- ACTIVITY: Set down the data below without change, skipping the pictures it holds.

[Short descriptive text snippets]
_ _ _ _
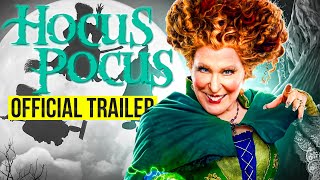 HOCUS POCUS Season 3 Official Trailer 2025 with Bette Midler Kathy Najimy [upl. by Cerys224]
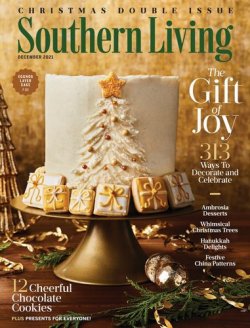 Southern Living December (発売日2021年11月20日) 表紙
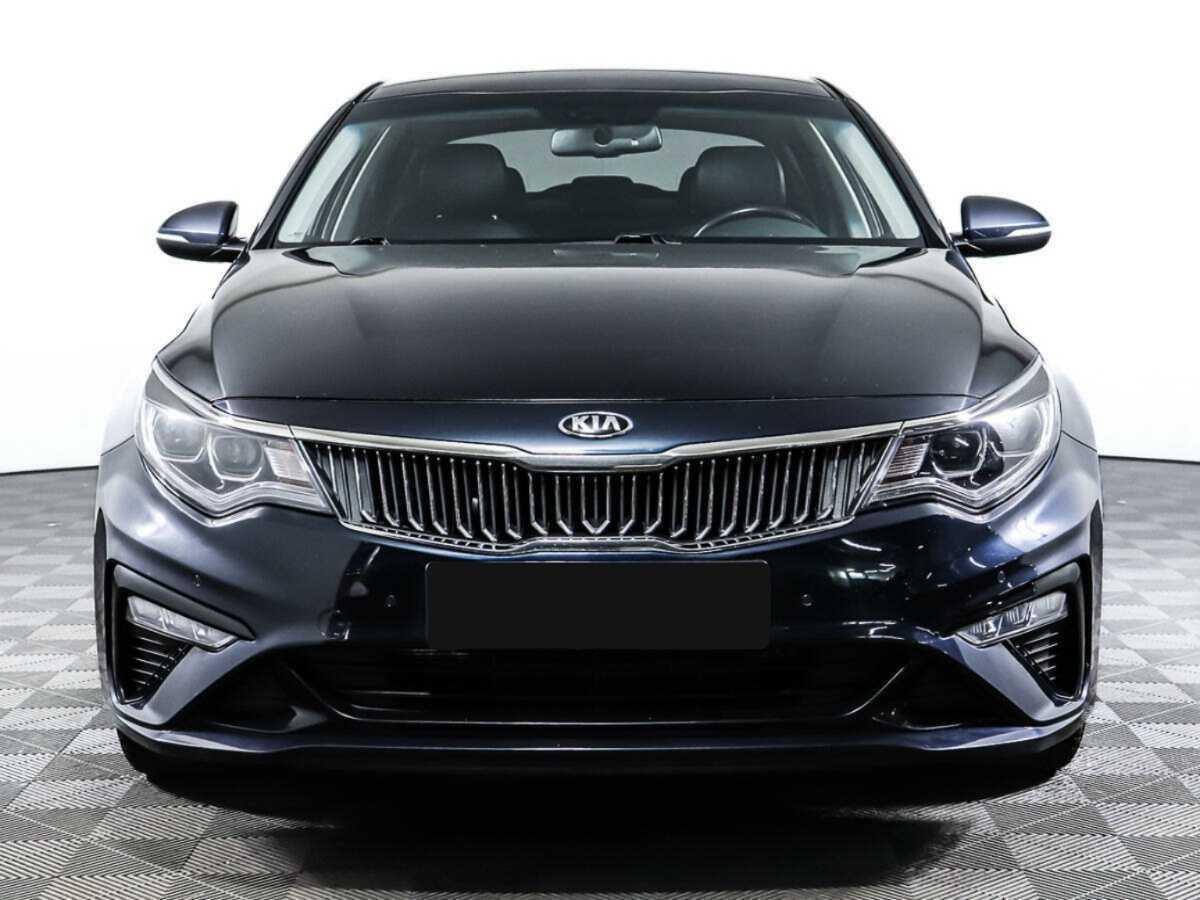 Kia Optima, 2019 - фото №2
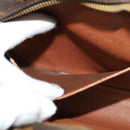 LOUIS VUITTON Monogram Compiegne 28 Clutch Bag M51845 LV Auth BA3212-17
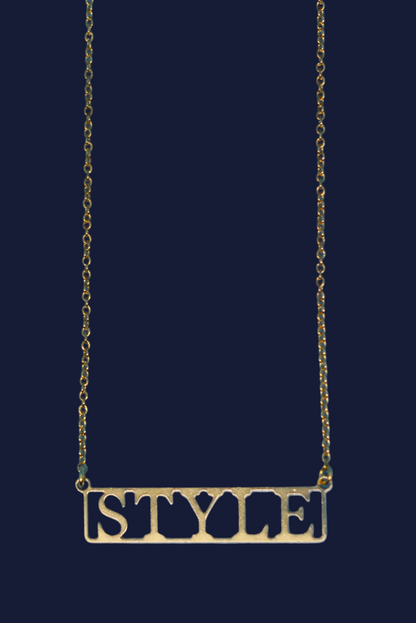 Style 18k Gold Plated Necklace
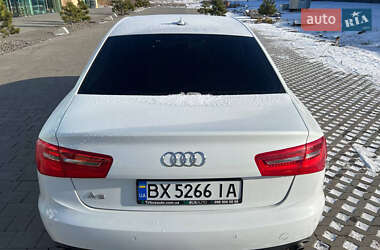 Седан Audi A6 2013 в Хмельницькому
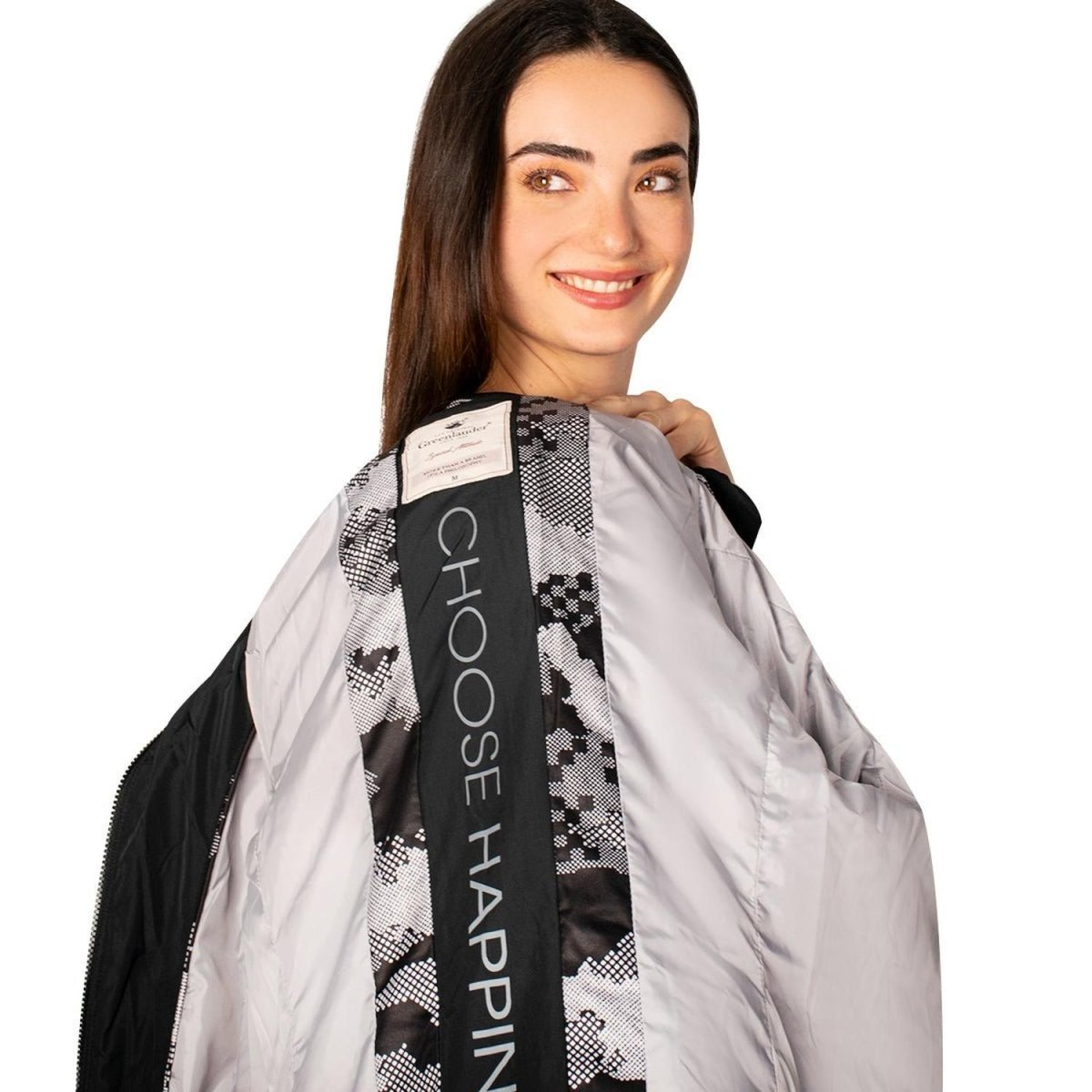 Chamarra Capitonada con Gorro Desmontable Mujer - Greenlander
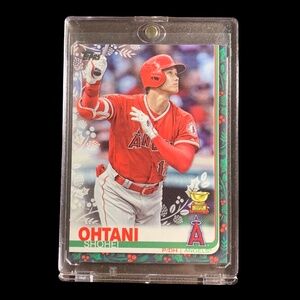 SHOHEI OHTANI ROOKIE GOLD CUP TOPPS BASEBALL CARD - LA DODGERS 4x MVP 😱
_ _ _ _
- RESPONSE AREA:
 HOCUS POCUS Season 3 Official Trailer 2025 with Bette Midler Kathy Najimy [upl. by Cerys224]
 Southern Living December (発売日2021年11月20日) 表紙
 Kia Optima, 2019 - фото №2
 LOUIS VUITTON Monogram Compiegne 28 Clutch Bag M51845 LV Auth BA3212-17
 Style 18k Gold Plated Necklace
 Седан Audi A6 2013 в Хмельницькому
 Chamarra Capitonada con Gorro Desmontable Mujer - Greenlander
 SHOHEI OHTANI ROOKIE GOLD CUP TOPPS BASEBALL CARD - LA DODGERS 4x MVP 😱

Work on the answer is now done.